After scanning the May 2019 U.S. report, which I found to be an excellent compendium of analysis and insight and today’s workforce, I focused on Table 1. Here, the data presented was on hiring shifts — or from another perspective, job growth by industry.

These three industries recorded the “most notable hiring shifts” in April when analyzing non-seasonably adjusted year-over-year statistics:  Hardware & Networking (15.3% higher); Corporate Services (14.9% higher); and Public Administration (14% higher).

But in “fifth place” and among the five categories — and with a double-digit increase — was Media & Communications, which saw an increase of 10.1%. (For the record, Wellness & Fitness nudged out the aforementioned with an 11% increase.)

So, what’s my interpretation of this impressive showing by Media & Communications — which according to the U.S. Bureau of Labor Statistics includes jobs in public relations?

1. Businesses, governmental bodies and non-profit organizations continue to recognize the value skilled (and I hope ethical) communicators bring to modern society.
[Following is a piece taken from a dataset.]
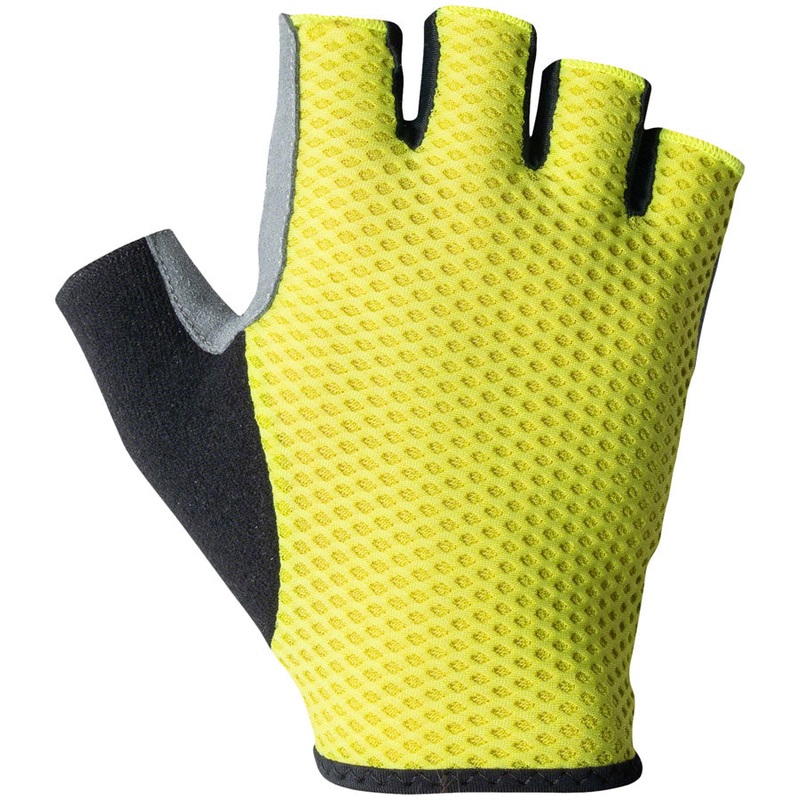 Bellwether Flight 2.0 Gloves – Citrus Short Finger Men’s Medium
2. Job growth in this sector should remain robust and competition will be strong to recruit and retain solid performers.

3. Ongoing education will be needed to keep new communicators (and more “seasoned” ones like me) up to date on new developments in the years ahead.
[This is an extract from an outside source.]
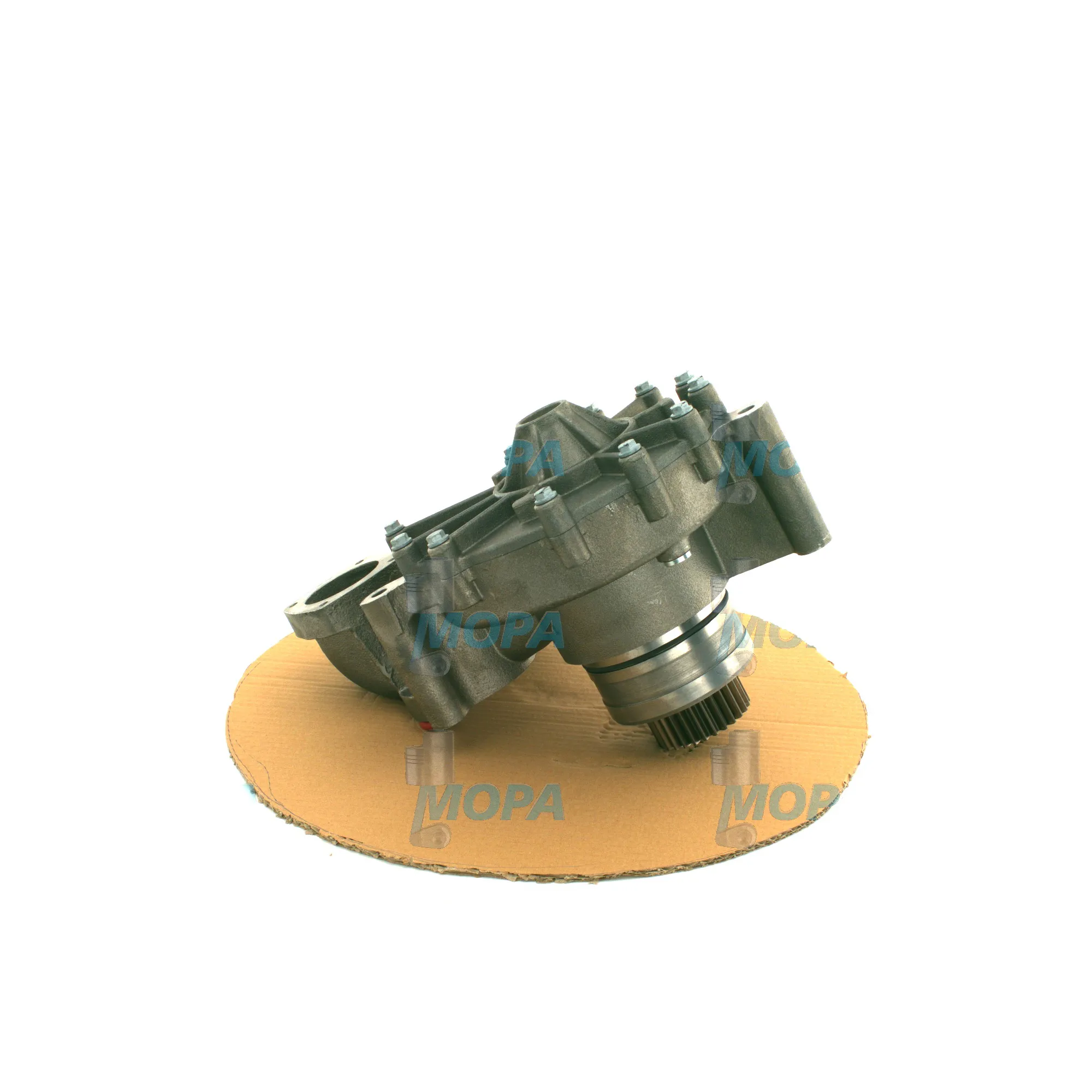 RAW WATER PUMP - X52220200025 suitable for MTU engines 6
At this time of year, those who have earned degrees in public relations, advertising, marketing, journalism or some integrated communications discipline should be positive about job prospects. My advice:

  • Follow your passions and your interests if possible when seeking a place to work.
  • Pursue jobs with agencies and in the corporate sector, but also consider non-profit and associations.

Finally, a note to the folks in the Wellness & Fitness industry: Watch out because we communicators ain’t far behind.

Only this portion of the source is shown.